*** Collected material

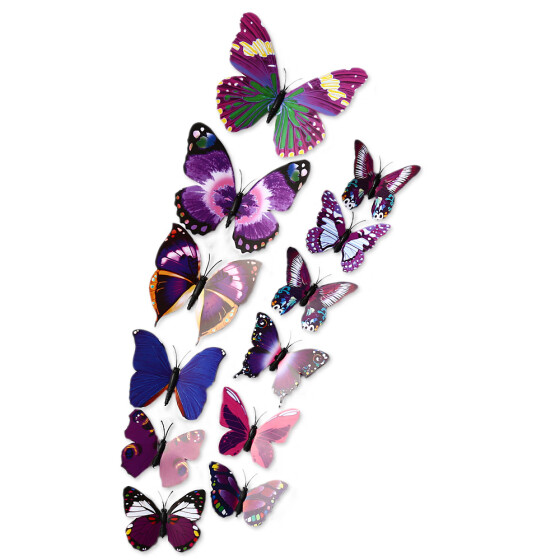 Shop 12pcs 3d Butterfly Wall Decor Stickers For Living Room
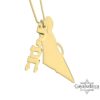 Israel Map Hebrew Name Necklace — detail view, handmade in Israel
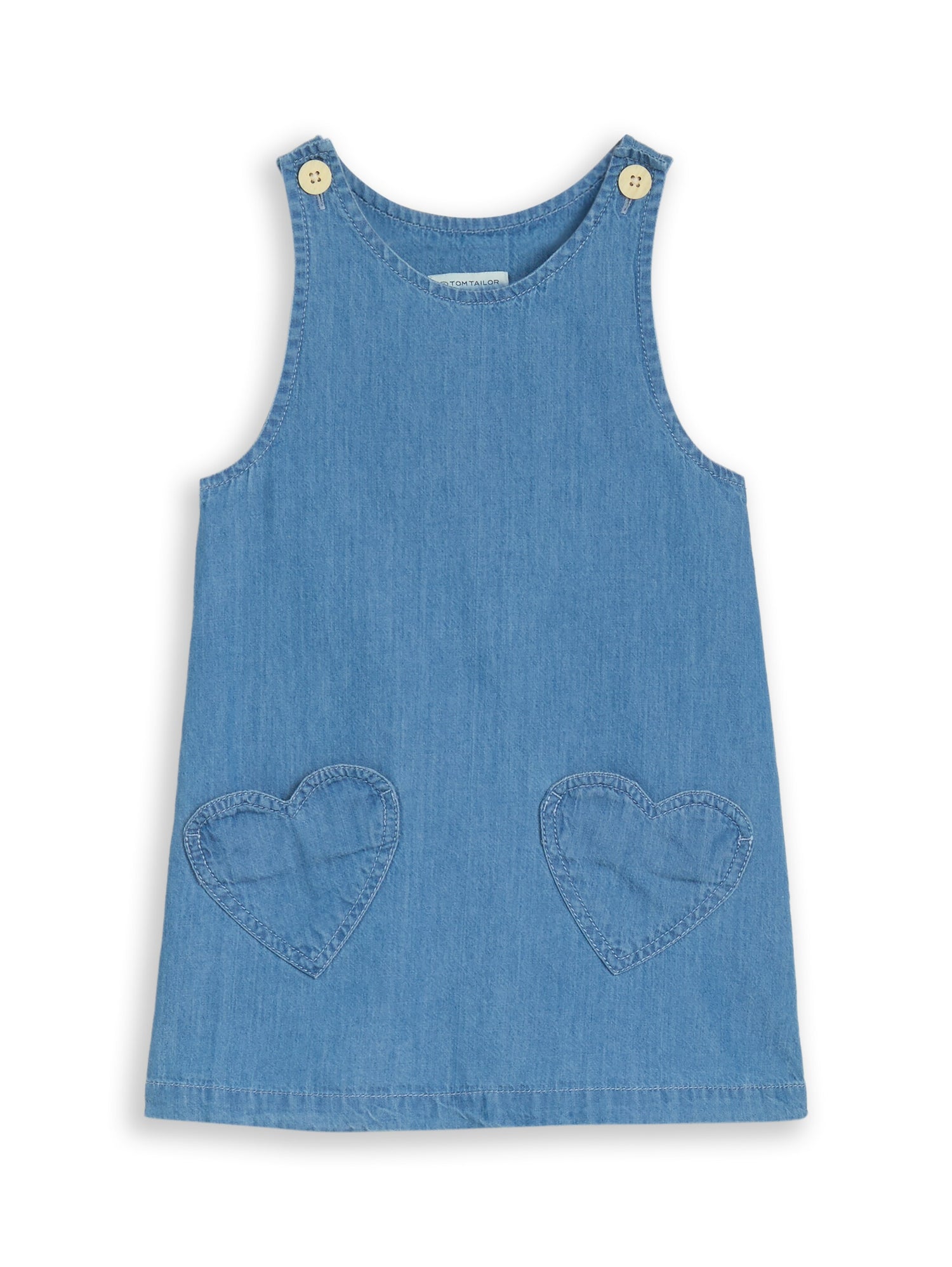 Tom Tailor Kinder Jeanskleid mit Trägern und Herz-Taschen Baumwolle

******

### Work instruction
Could the data above be repeated exactly, with every picture dropped?

### Final answer
 Shop 12pcs 3d Butterfly Wall Decor Stickers For Living Room
 Israel Map Hebrew Name Necklace — detail view, handmade in Israel
 Tom Tailor Kinder Jeanskleid mit Trägern und Herz-Taschen Baumwolle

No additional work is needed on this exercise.